In conclusion, the separation of low oxidative events in a physiologically positive actions and the high oxidative events in negative actions cannot have a general application. Oxidative eustress and oxidative distress are not chemical situations, but global, abstract concepts that cannot be chemically distinguished, in light of the fact that the actors are the same in all cases, i.e., oxidative species. However, reactive oxygen species can have a regulatory function (finalistically seen as good or bad) or can have a damaging function (also, in this case, finalistically seen as bad or good). Preconditioning is a mechanism by which small amounts of an oxidant provided to cells at different times and in different amounts result in a resistance to the damage provided by high amounts of oxidants. This is an example of the difficulty in defining high and low oxidant amounts and their relative function [18,19].
All those events, called stress, may be topographically different, the damage or the regulation (good or bad) being exclusive to a specific place and occurring at the same time in different and multiple locations.

5. Oxidative Stress: Can It Be Prevented?

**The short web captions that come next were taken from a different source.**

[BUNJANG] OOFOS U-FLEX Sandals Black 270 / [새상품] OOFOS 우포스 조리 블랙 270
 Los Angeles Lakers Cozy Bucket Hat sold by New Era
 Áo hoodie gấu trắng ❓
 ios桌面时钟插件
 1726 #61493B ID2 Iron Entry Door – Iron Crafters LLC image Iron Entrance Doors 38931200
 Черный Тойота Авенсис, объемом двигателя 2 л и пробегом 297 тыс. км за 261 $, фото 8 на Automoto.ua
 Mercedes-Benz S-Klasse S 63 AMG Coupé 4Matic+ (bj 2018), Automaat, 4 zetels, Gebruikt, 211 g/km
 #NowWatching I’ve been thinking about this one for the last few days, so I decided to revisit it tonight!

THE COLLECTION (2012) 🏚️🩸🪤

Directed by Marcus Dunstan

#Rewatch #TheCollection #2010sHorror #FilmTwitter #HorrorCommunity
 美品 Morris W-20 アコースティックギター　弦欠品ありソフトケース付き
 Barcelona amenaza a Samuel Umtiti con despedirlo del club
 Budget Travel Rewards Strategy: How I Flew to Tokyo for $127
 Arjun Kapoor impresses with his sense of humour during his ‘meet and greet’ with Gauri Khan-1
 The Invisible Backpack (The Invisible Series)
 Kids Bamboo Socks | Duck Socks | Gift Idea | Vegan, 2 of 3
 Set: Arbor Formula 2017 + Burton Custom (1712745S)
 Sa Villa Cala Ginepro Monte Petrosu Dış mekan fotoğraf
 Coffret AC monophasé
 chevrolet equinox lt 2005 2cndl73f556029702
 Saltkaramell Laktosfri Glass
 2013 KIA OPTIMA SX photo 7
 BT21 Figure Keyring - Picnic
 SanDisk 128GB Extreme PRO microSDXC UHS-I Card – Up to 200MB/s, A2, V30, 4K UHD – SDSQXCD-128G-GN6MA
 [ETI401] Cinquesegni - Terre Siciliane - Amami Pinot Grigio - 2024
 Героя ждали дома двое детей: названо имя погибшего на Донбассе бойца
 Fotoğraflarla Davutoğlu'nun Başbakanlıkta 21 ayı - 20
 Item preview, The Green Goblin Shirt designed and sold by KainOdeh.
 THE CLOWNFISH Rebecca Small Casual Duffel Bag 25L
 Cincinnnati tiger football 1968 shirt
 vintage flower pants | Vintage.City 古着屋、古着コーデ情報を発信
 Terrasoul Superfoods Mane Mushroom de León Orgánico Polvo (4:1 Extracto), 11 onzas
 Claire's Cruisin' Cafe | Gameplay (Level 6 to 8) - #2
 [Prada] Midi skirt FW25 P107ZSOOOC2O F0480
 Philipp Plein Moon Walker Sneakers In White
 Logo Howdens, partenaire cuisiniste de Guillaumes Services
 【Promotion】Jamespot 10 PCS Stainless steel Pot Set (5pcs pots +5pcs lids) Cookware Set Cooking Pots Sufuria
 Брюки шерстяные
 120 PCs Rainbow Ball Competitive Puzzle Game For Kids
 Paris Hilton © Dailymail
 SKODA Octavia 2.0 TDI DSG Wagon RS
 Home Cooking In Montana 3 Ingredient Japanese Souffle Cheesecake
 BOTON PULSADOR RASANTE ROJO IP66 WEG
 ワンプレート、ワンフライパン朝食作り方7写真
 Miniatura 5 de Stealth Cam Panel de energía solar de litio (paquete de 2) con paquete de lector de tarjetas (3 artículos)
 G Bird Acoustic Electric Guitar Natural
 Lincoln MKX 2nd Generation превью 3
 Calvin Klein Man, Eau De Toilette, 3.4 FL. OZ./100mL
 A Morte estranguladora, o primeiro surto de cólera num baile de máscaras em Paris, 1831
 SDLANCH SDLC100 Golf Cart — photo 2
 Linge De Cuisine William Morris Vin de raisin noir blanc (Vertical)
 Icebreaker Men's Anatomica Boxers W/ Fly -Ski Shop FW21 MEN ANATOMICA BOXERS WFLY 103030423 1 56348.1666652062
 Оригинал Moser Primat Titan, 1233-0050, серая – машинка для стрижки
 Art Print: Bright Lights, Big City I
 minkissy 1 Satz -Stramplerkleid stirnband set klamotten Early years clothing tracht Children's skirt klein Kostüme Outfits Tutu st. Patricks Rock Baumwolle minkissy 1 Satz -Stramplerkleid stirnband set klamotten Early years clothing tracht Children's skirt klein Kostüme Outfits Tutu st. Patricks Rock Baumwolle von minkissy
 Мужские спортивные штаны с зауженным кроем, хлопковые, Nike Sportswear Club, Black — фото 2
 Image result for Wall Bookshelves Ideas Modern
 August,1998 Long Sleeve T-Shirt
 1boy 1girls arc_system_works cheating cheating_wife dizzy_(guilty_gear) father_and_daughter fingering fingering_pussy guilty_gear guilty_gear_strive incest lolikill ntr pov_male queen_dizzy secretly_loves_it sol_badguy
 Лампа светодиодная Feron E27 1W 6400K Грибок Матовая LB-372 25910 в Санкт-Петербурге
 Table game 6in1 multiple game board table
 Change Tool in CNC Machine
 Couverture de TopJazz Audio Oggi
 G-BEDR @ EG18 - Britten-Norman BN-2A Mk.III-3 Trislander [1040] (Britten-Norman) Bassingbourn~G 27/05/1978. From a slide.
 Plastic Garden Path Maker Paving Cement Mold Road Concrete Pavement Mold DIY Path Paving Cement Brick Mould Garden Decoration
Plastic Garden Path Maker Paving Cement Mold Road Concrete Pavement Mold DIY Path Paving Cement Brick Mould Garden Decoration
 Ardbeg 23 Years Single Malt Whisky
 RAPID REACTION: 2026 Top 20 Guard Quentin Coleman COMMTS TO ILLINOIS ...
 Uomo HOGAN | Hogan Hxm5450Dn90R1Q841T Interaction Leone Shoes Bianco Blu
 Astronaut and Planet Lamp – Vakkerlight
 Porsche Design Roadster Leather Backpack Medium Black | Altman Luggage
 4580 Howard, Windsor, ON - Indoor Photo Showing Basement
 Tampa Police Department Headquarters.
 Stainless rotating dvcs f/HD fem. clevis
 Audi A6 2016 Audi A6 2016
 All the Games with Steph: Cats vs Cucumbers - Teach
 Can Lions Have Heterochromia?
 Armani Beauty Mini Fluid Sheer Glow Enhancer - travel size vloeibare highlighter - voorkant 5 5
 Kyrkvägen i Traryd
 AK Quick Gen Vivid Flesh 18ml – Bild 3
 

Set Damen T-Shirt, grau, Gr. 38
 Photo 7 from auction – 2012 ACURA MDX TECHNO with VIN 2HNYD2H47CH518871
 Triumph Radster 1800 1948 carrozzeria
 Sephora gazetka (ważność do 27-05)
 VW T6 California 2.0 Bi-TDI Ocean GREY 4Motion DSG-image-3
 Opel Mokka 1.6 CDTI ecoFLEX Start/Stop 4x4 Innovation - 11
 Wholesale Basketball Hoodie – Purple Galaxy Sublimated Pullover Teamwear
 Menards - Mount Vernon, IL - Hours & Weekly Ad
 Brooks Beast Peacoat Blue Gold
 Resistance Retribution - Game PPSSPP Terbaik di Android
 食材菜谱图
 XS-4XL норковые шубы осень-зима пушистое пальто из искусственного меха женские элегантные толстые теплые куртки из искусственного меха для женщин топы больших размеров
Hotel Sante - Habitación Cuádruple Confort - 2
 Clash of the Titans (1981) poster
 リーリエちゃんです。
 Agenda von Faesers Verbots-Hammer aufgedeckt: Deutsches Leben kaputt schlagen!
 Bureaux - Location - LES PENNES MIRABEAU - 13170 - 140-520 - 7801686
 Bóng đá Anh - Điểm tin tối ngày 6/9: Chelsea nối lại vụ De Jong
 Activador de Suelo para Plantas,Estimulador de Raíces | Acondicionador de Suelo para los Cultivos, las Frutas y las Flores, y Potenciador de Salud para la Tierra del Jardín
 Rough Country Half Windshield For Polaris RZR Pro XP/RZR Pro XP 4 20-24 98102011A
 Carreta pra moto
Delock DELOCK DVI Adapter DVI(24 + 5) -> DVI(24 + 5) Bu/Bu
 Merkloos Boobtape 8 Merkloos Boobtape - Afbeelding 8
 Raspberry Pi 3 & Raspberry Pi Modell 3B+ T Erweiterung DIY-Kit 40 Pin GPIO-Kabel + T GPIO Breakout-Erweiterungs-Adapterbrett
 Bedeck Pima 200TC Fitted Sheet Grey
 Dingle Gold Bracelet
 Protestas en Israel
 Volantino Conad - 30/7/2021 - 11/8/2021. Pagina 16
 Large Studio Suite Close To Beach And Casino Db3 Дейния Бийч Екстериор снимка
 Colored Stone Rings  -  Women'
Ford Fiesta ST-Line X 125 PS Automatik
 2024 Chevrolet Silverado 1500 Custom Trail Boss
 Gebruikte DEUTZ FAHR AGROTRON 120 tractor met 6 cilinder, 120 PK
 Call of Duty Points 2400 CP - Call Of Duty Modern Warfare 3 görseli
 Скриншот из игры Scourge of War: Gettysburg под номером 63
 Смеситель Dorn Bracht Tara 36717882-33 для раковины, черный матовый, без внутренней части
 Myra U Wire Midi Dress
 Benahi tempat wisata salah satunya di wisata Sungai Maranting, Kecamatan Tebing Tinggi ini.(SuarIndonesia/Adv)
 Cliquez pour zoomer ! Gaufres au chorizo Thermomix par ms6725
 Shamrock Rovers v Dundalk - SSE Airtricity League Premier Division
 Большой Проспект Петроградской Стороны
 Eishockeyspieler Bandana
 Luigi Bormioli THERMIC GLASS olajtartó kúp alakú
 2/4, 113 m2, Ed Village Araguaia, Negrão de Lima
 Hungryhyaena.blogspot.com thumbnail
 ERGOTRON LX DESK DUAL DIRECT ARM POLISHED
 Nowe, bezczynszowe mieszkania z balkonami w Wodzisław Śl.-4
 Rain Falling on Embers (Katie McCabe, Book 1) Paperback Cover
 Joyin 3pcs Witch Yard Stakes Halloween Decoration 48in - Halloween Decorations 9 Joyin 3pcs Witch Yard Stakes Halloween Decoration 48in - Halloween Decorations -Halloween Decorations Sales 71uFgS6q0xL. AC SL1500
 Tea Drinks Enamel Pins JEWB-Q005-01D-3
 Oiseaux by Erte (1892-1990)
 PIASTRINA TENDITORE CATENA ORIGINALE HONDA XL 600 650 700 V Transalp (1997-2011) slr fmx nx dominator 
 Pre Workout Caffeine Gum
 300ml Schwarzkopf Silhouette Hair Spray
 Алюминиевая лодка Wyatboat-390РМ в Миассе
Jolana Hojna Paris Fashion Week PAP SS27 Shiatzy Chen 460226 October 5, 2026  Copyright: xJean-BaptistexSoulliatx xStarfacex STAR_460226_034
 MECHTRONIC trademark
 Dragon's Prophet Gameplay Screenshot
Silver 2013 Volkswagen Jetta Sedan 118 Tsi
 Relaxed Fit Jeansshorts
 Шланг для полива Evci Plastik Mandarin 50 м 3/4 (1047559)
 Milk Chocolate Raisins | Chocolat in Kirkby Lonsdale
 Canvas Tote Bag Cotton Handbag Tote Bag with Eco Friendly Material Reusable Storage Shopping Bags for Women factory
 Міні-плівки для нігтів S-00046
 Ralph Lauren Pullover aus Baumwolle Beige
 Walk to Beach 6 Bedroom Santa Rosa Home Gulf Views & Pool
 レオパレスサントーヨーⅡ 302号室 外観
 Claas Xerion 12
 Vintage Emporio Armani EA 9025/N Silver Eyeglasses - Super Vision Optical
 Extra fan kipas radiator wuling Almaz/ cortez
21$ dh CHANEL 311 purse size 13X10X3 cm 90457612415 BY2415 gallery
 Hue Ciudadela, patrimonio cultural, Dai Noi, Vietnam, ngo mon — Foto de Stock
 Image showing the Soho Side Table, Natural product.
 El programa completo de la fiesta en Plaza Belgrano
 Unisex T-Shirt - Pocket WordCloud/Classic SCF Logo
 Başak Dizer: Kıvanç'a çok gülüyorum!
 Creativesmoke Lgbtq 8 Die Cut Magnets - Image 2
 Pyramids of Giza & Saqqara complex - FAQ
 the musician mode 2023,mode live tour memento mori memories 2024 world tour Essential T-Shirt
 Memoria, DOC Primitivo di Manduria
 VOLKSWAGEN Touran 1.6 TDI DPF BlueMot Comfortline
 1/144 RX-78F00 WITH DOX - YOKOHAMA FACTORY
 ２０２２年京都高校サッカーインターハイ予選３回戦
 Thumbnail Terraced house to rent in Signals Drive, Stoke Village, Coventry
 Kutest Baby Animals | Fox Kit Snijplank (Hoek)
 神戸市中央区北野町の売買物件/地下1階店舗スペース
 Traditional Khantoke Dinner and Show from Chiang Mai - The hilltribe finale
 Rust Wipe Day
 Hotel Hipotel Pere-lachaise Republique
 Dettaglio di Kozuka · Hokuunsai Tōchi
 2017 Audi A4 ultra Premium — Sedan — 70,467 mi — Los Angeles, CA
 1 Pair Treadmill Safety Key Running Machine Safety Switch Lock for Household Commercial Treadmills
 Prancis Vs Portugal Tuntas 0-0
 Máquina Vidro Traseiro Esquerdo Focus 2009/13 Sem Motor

Protection against membrane and lipoprotein–lipid peroxidation should in principle be afforded by antioxidants. However, the information obtained in vitro on an antioxidant cannot be extended to cells, to organs, to animals or to populations until proof is provided. A molecule that has been shown to have antioxidant properties in vitro may have alternative, opposite (pro-oxidant), or additional properties in an integrated system. A few examples are given in the next paragraphs. In vitro studies have suggested that estrogens prevent lipoprotein oxidation and provide antioxidant neural protection. Instead, receptor-mediated signaling is the mode estrogens act in vivo and not by exerting weak antioxidant effects. Although retinol exhibits antioxidant properties in vitro, its in vivo function is related to its binding to opsin, which forms rhodopsin, the pigment required for vision. It has been claimed that melatonin has antioxidant functions, but the concentrations available in the human body (sub-micromolar) cannot have antioxidant effects. Genistein is a soy iso-flavonoid; it inhibits protein-tyrosine kinase and topoisomerase-II (DNA topoisomerase (ATP-hydrolyzing)), and induces G2 phase cell arrest but not as an antioxidant. Curcumin anti-inflammatory properties have been shown in some in vivo studies. However, after O-conjugation, its antioxidant property remains but not its anti-inflammatory function, indicating that the anti-inflammatory property of the molecule is dissociated from its antioxidant function. Another problem associated with natural antioxidants uptake in the diet is their low bioavailability relative to the amount of cell-generated oxidants; in addition, the small amounts present in the body have not been shown to be regenerated after their oxidation by reactive oxygen species. Tea polyphenols EGCG, EGC, and (2)-epicatechin (EC), are probably responsible for the beneficial effects of tea. However, they are not freely available to exert an antioxidant effect since almost all catechins in plasma are highly conjugated. In addition, just introducing an antioxidant molecule into the body does not imply that it is active as antioxidant: on uptake of flavonoid-rich foods, a plasma antioxidant burst is observed; however, it is not caused by the flavonoids, but by concomitant increase in uric acid [20].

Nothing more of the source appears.